Para prevenir estes sintomas e reverter a tendência de más reuniões na sua empresa, é necessário que a gestão se concentre na workplace productivity, ou seja, em criar condições para que a produtividade e motivação no local de trabalho atinjam níveis elevados. Este é, no entanto, um esforço coletivo entre gestores, liderança intermédia e colaboradores, de forma a que as reuniões se tornem mais focadas, úteis e com um contributo real para o sucesso do negócio.

Tome nota de algumas das medidas a implementar na sua empresa:

  • Crie uma política clara na empresa de como as reuniões devem ser preparadas e geridas (incluindo o follow-up). E, idealmente, deixar essas indicações nas diferentes salas de reunião;
  • Dê formação aos colaboradores sobre como conduzir uma reunião – até porque, muitas vezes, a fraca produtividade resulta do desconhecimento. Atualmente, 75% das pessoas não recebe treino formal sobre como gerir uma reunião, conclui um estudo da consultora nova-iorquina Communispond;
  • Promova uma mudança de mentalidades em toda a empresa. Sensibilize os colaboradores para a importância de tornar as reuniões produtivas e sublinhe a importância de um conjunto de boas-práticas: preparar a reunião; estar a par da ordem de trabalhos; informar atempadamente em caso de ausência; garantir que não é excedido o tempo agendado e que é elaborada uma ata (assim como o registo de conclusões) em tempo real, para não sobrecarregar os participantes pós-reunião; e, claro está, permanecer focado.
  • Prepare a sua empresa com ferramentas que agilizam a marcação e gestão de reuniões. A maioria do tempo desperdiçado na preparação e follow-up de reuniões pode ser facilmente diminuído com soluções de software específicas.
    A partir de uma agenda comum, qualquer colaborador pode fazer uma marcação (sabendo de antemão as disponibilidades da equipa e das salas de reunião), associá-la a um projeto em curso, convocar participantes e fazer uma gestão rápida de adiamentos e ausências – sem necessitar de uma avalanche de e-mails.
    Assim que a reunião for marcada, é também fácil centralizar e associar toda a informação relevante a essa marcação: pode anexar a agenda, os pontos prévios e qualquer informação preparatória à marcação, assim como o registo, em tempo real, de ata, conclusões e tarefas resultantes da reunião.

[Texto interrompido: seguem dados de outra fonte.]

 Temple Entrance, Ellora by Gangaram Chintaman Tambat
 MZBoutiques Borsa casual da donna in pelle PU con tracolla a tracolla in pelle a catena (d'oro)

Tudo isto numa única plataforma digital, disponível para consulta por qualquer outro utilizador, de forma cómoda.

 

Transformar a reunite crónica em reuniões produtivas é, portanto, um esforço concertado entre mudança de mentalidades, cultura empresarial e adoção de ferramentas digitais. O resultado deste tratamento é visível num curto espaço de tempo, com reuniões menos demoradas, mais focadas e com outputs concretos. A empresa ganha rapidez e produtividade, o impacto económico associado às reuniões é menor e estes momentos ganham nova relevância no apoio ao crescimento da empresa. Com colaboradores mais motivados, as reuniões deixam de vez a má fama, passando a ter um agradável proveito para o negócio.